• Exercise brief:
Taking the line with "8702 W Davis" as the first and the line with "تصویر هنرمند Clare Louise Frost" as the last, set down the lines below exactly, pictures excluded.

• Data provided:
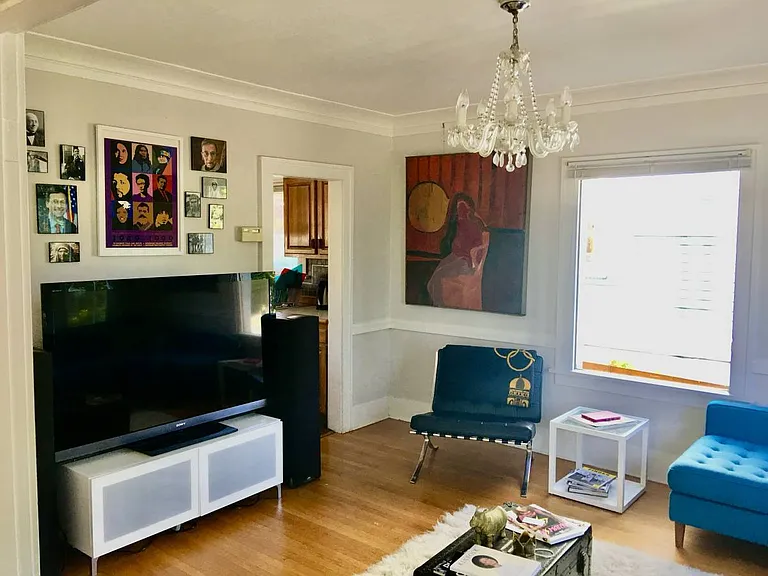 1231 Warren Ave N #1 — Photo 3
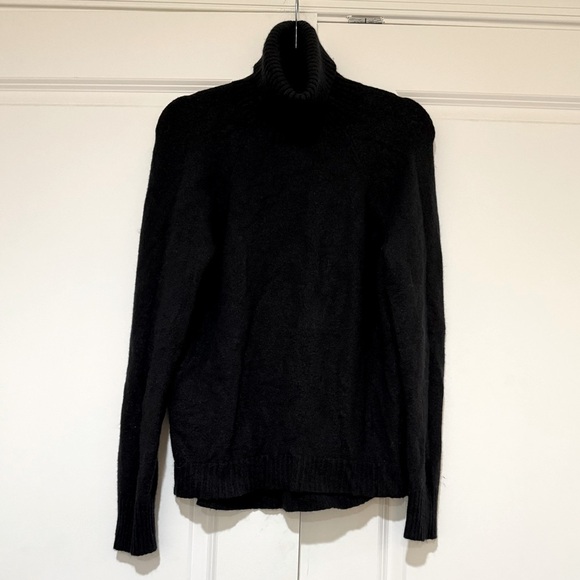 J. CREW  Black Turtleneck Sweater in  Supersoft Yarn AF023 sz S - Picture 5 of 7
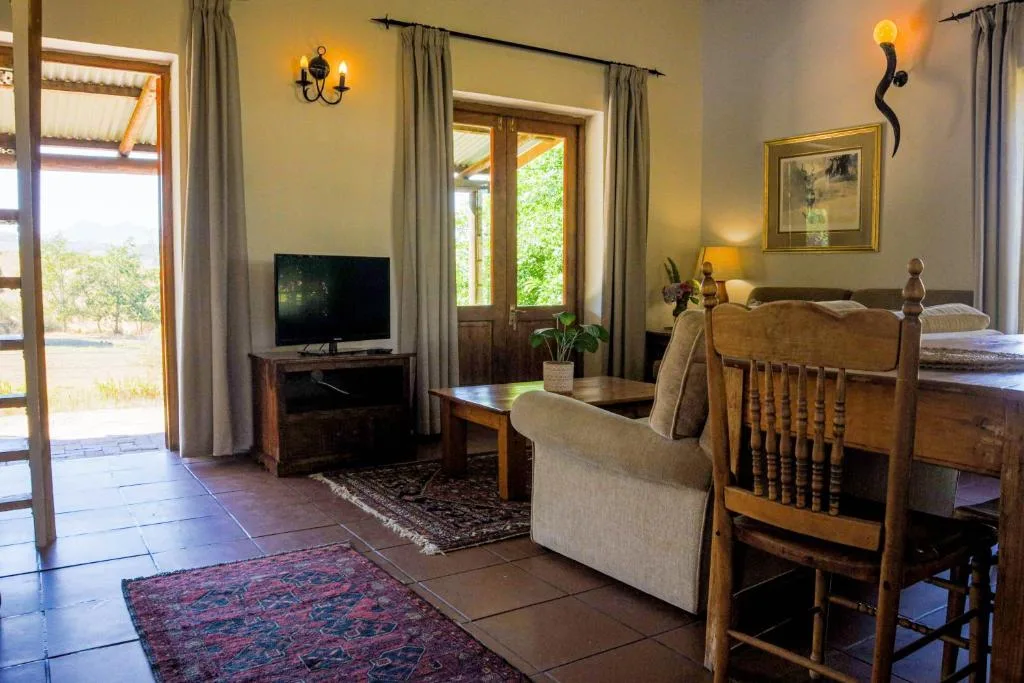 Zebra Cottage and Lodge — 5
...
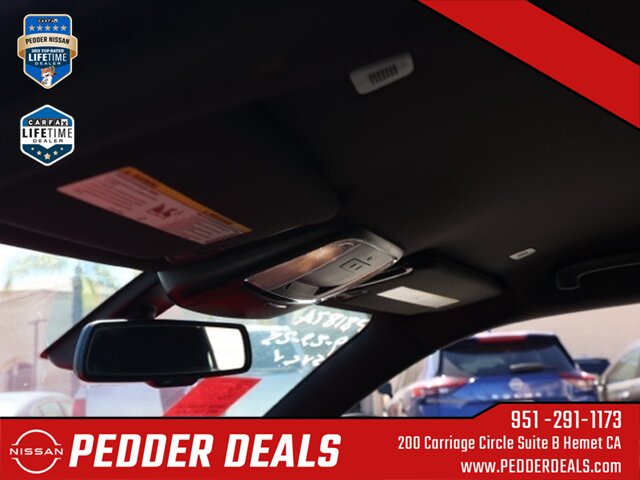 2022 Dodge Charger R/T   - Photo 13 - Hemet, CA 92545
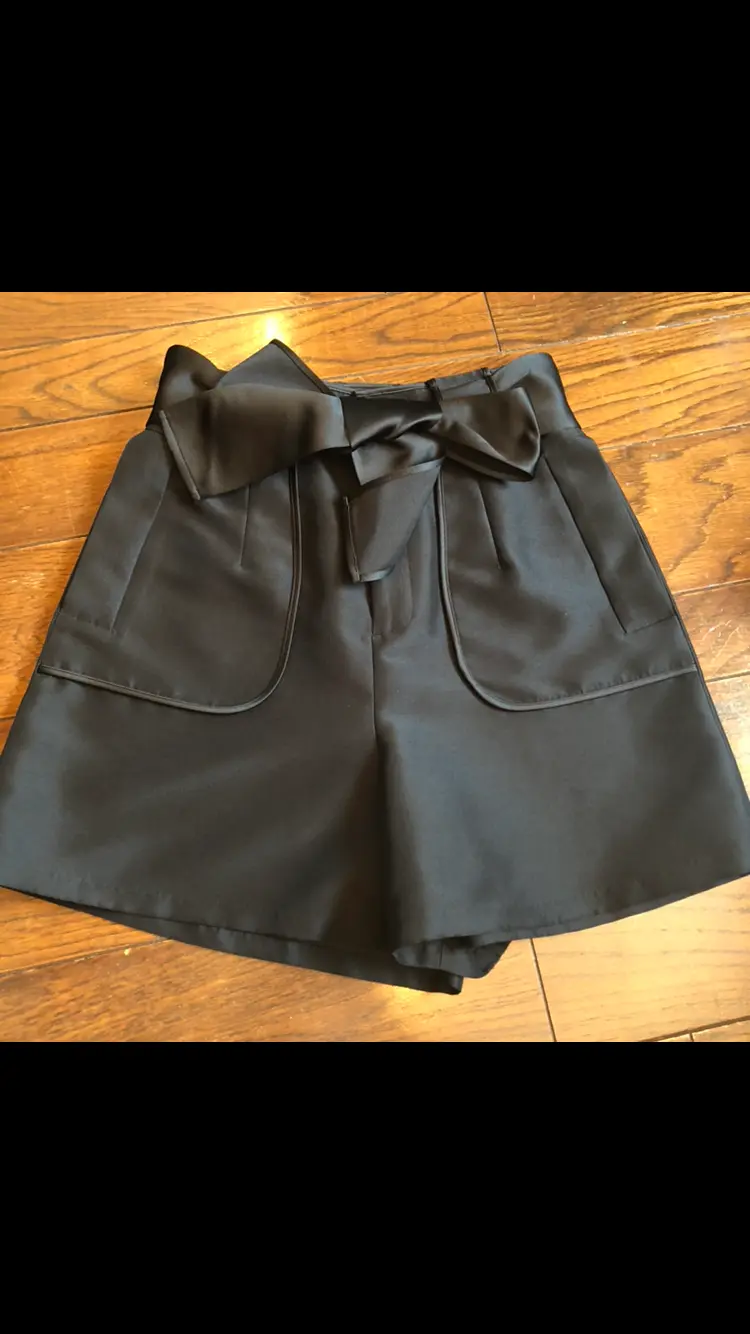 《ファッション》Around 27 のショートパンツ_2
==
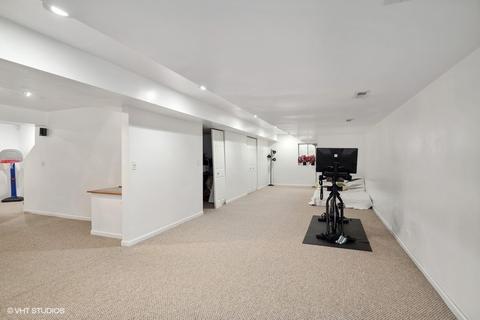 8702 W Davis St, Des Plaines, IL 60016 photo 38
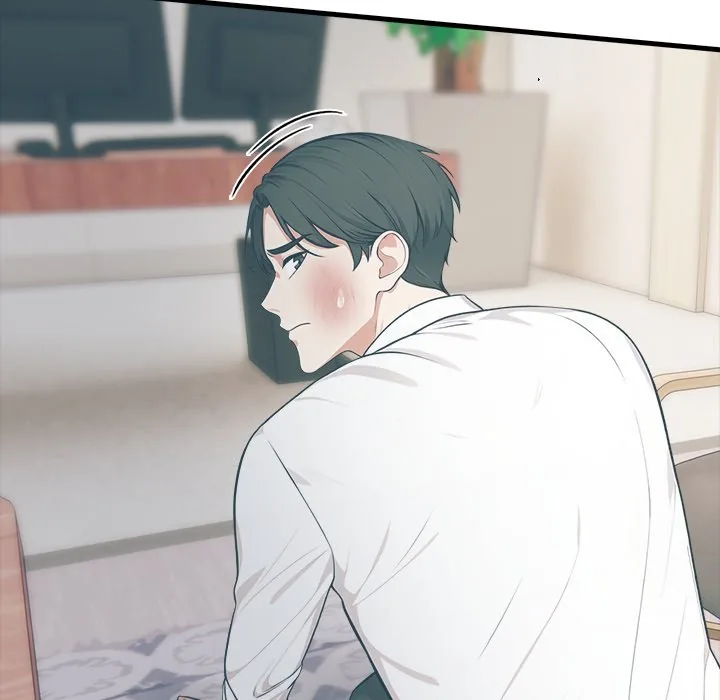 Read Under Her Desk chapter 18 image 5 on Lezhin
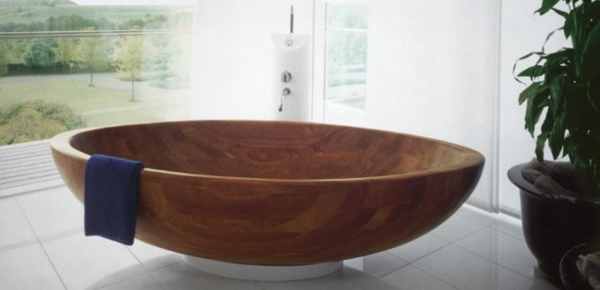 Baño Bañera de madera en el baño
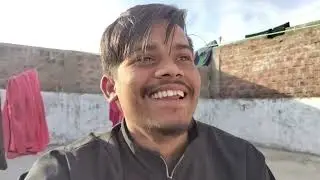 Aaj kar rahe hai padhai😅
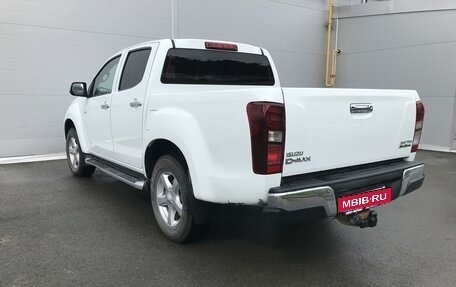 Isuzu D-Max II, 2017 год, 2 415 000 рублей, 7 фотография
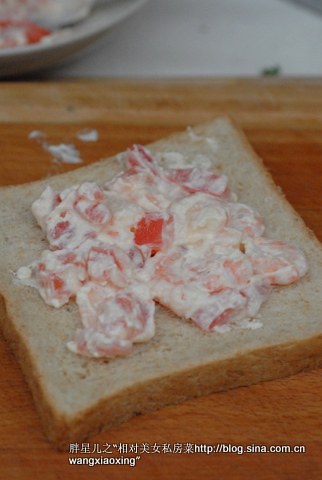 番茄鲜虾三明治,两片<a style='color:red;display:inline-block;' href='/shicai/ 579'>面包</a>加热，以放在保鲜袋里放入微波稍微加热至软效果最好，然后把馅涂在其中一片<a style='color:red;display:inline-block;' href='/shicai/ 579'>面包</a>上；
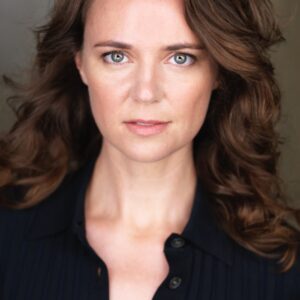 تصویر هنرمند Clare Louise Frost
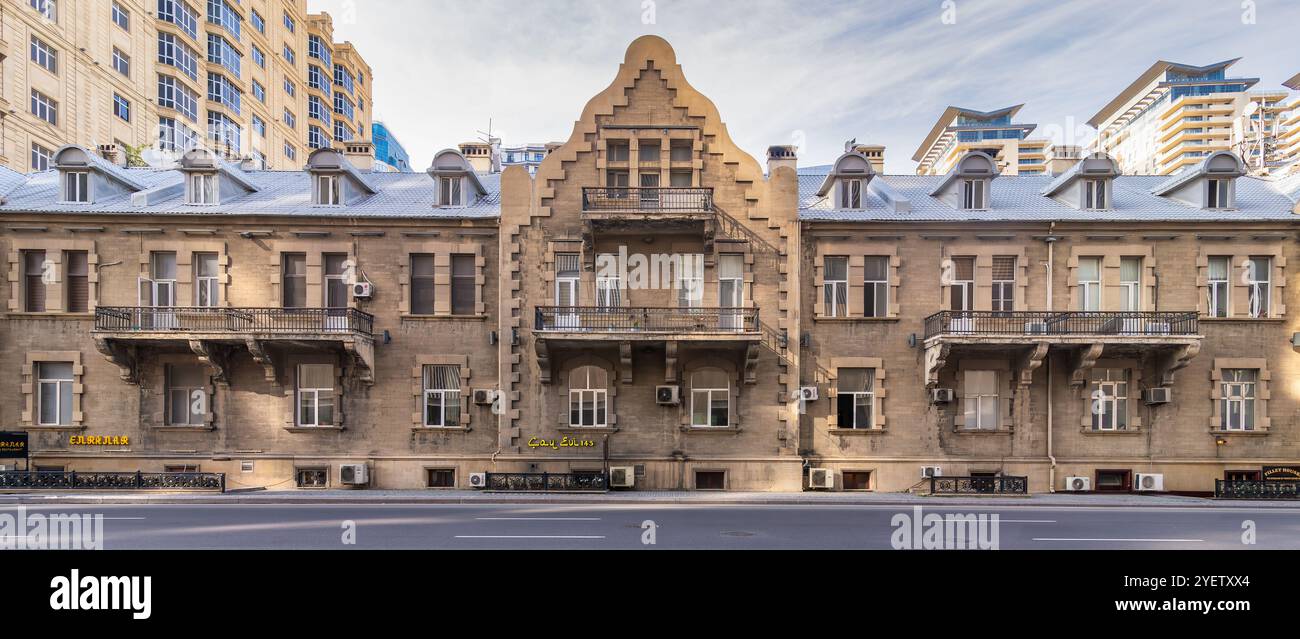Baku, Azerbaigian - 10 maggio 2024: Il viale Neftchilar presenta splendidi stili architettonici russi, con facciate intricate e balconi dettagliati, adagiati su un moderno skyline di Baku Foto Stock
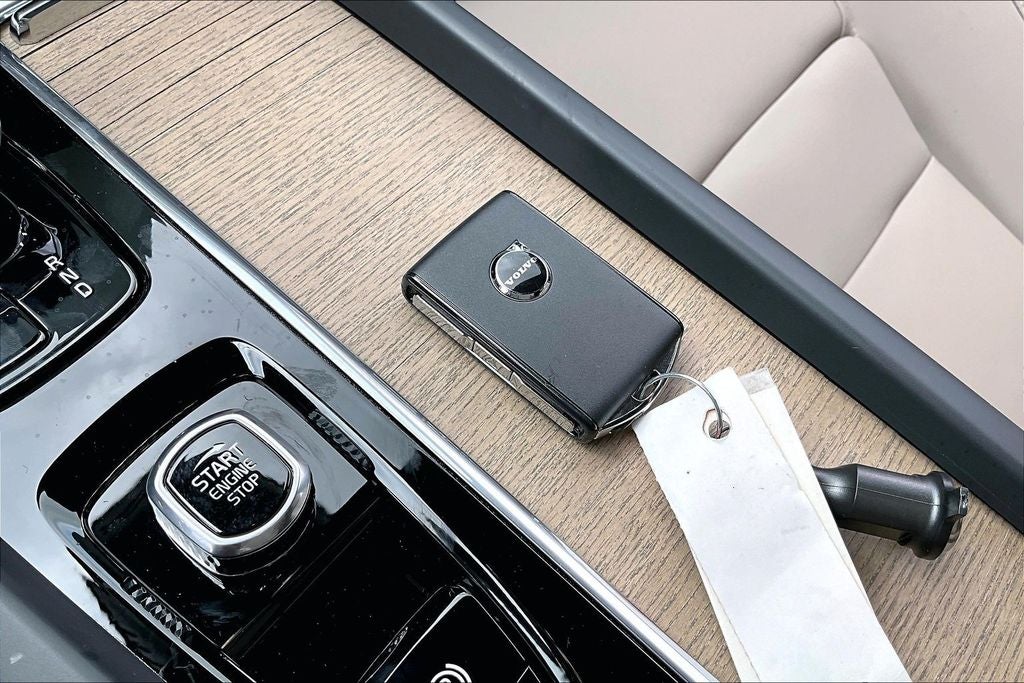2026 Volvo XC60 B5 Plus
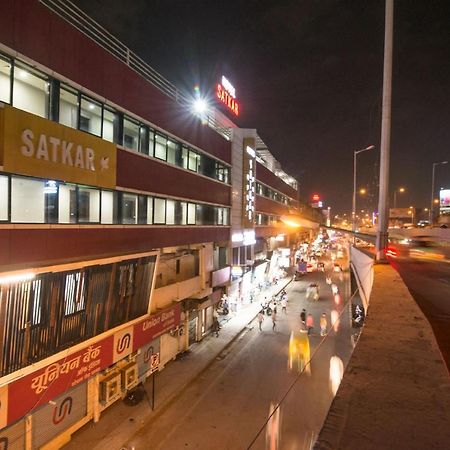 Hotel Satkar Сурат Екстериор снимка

• Problem solution:
 8702 W Davis St, Des Plaines, IL 60016 photo 38
 Read Under Her Desk chapter 18 image 5 on Lezhin
 Baño Bañera de madera en el baño
 Aaj kar rahe hai padhai😅
 Isuzu D-Max II, 2017 год, 2 415 000 рублей, 7 фотография
 番茄鲜虾三明治,两片<a style='color:red;display:inline-block;' href='/shicai/ 579'>面包</a>加热，以放在保鲜袋里放入微波稍微加热至软效果最好，然后把馅涂在其中一片<a style='color:red;display:inline-block;' href='/shicai/ 579'>面包</a>上；
 تصویر هنرمند Clare Louise Frost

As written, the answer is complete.